There’s over 12,800sqm of teaching, research and laboratory spaces focused around the warm-toned timber-clad stair. Shooting off from the stair and around the lower levels are plenty of ‘creative collision’ spaces designed to promote engagement – after all, collaboration is the key to discovery.

Designed for the future

As occupants move up through the building the character changes, becoming quieter and more focused as research needs shift. Alongside the labs are the Urban Observatory and Decision Theatre. These spaces are used to process huge amounts of data collected by sensors positioned throughout the USB and across Newcastle. And because we don’t know what the future holds, we’ve also designed a ‘maker space’ for yet to be developed research projects.

  • Project Details
  • Working With Artists
  • Sustainability
  • Drawings
  • Social Value

Project Summary

Project Team

Structural Engineers: Buro Happold
Environmental / M&E Engineers:Buro Happold
Acoustic Engineers: Buro Happold
Cost Consultant: Turner and Townsend
Project Management: Turner and Townsend
Landscape Architects: BD Landscape Architects
Lighting Designer:Buro Happold


  • CIBSE Awards 2019 - Project of the Year - Public Use - Winner
  • RTPI Awards 2019 - Excellence in Planning for a Successful Economy - Shortlisted
  • Smart City UK Awards 2019 - Infrastructure, Data and Health - Shortlisted
  • Green Gown Awards 2018 - Campus of the Future - Winner
  • Blueprint Awards 2018 - Best Sustainable Project - Shortlisted
  • Education Estates Awards 2018 - Innovation in Teaching and Learning - Winner
  • RICS North East Awards 2018 - Design Through Innovation - Winner
  • RIBA Awards 2018 - North East Regional Award - Shortlisted
  • Constructing Excellence Awards 2018 - Building of the Year, Integration & Collaborative Working, Sustainable Building, Digital Construction, Off Site Manufacturing - Winner
  • Guardian University Awards 2018 - Buildings That Inspire - Runner Up
  • Offsite Awards 2018 - Best Use of MEP Technology - Highly commended
  • Lord Mayor's Design Awards 2018 - Sustainability - Winner

Working With Artists

Computing is everywhere and nowhere simultaneously; cloud computing, wireless networks and virtual realities make it increasingly hard for people to see how ubiquitous digital processes have become. This building was conceived as a space that creates, curates and relies on digital connections. The external envelope of the building provided a canvas to explore ways of highlighting the intangible nature of computation through art.

BigData: Self-portrait

The dots and lines across the glazed south elevation are in a sense a self-portrait of the University.
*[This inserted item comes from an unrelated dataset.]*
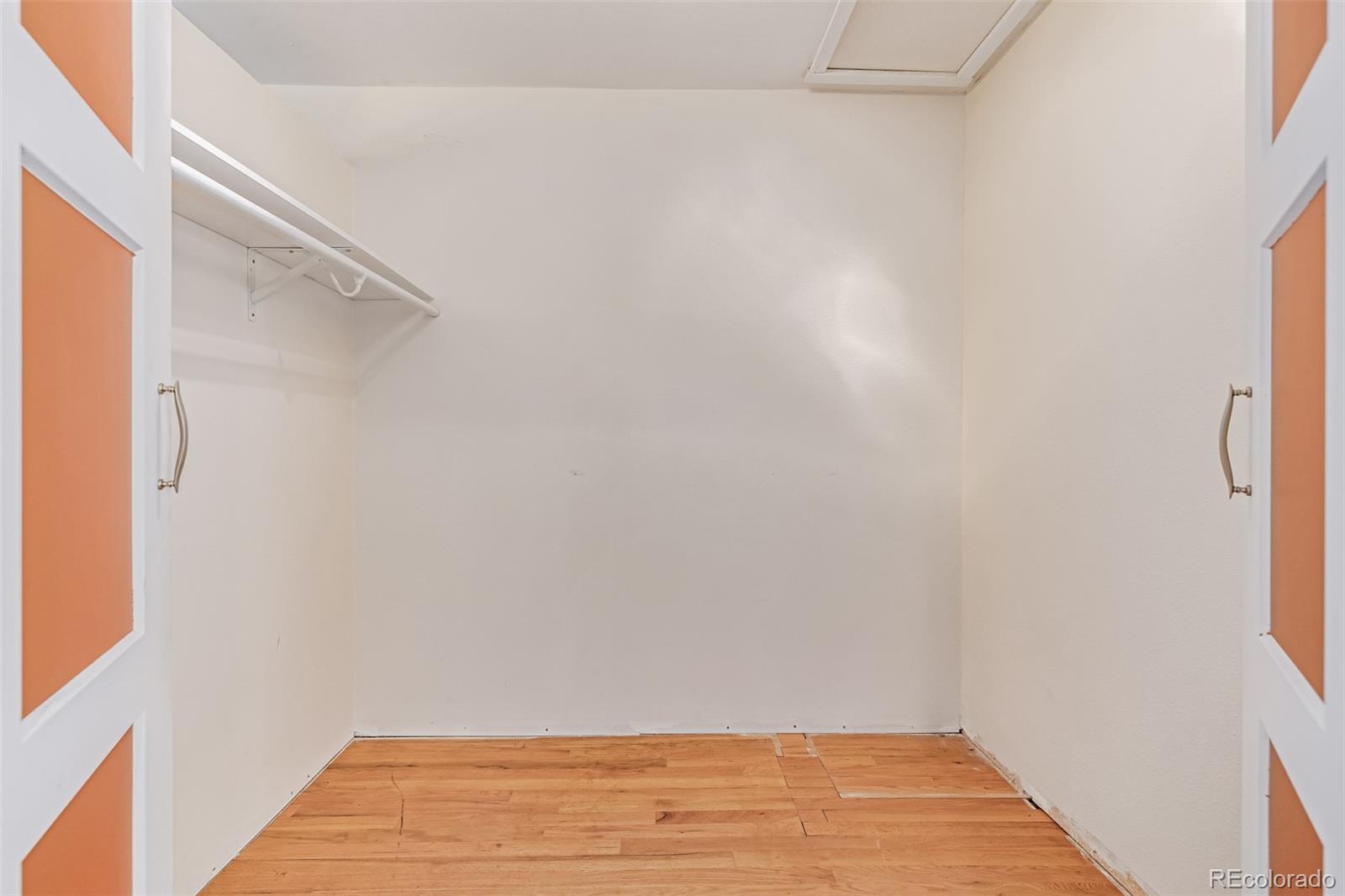 MLS Image #27 for 305  titan street,aurora, Colorado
They are the result of an artistic and technical collaboration between the University, Hawkins\Brown and Martyn Dade Robertson, a member of the University's School of Architecture, Planning and Landscape, and graduate of the School of Computing.
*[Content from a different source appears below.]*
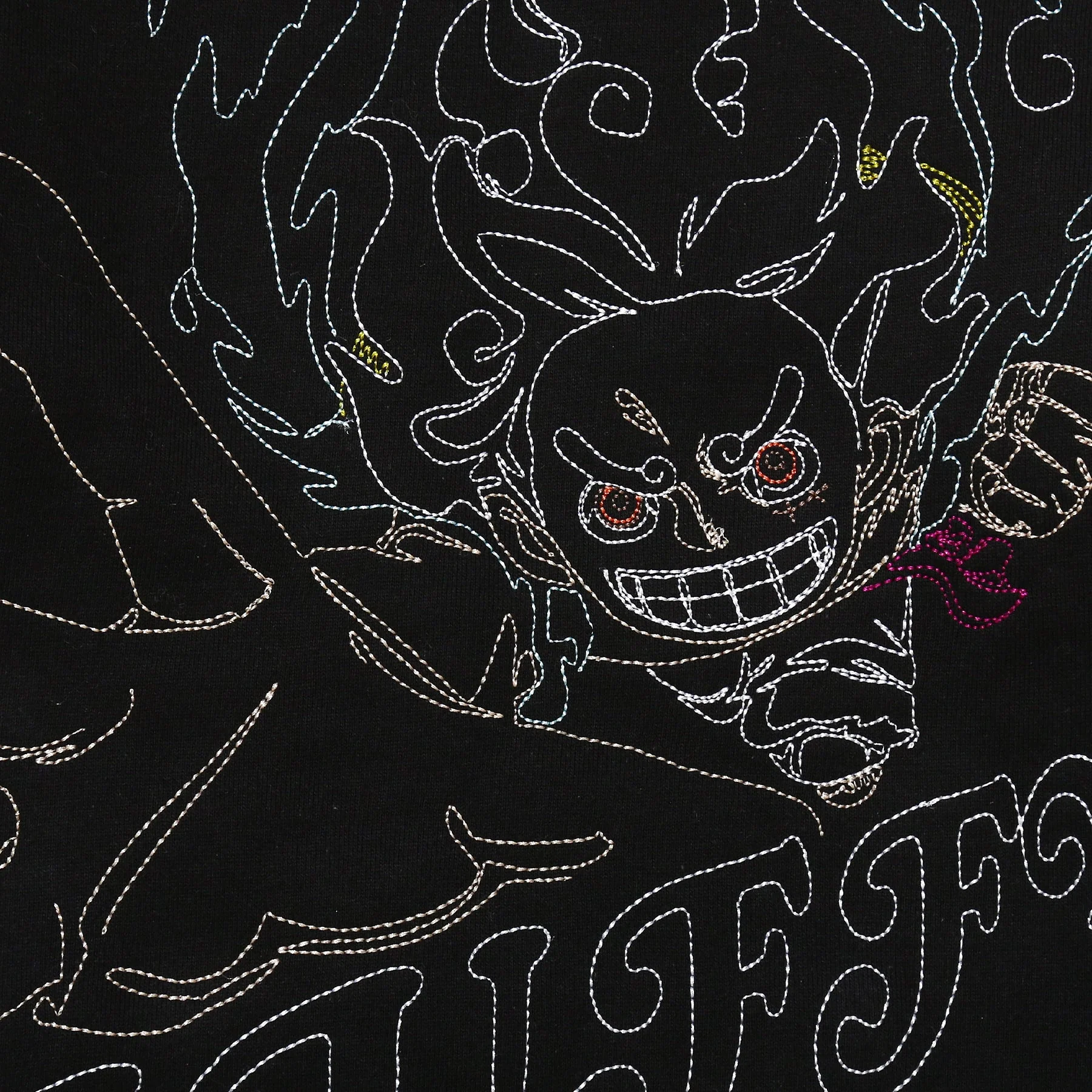Thumbnail 3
The image, which provides solar shading, colour and depth to the central forum space and Science Square is based on a data mining exercise. The lines, dots and circles represent the information resources in the University's websites, and their myriad networks and layers of connections. It is a digital look in the mirror.


Punch cards were used to control machinery in the early 19th century and later carried instructions for calculating machines and digital computers. Science Central is a new district of Newcastle built on ground that has a rich cultural and industrial history going back even further than that.

'PunchcardPast' draws links between digital process and the site's history. The small dotted pattern that runs around the building represents a punch card carrying the following message, encoded using methods invented in the 1960s:



The ambition for the Urban Sciences Building was that it had to be more than just a lab, more than just a classroom – it had to embody sustainability research. It had to drive real innovation and foster meaningful collaboration. It had to walk the talk. The result is a real ‘living’ laboratory – a place where academic research is used to generate and test real-life solutions that benefit people, businesses and the city.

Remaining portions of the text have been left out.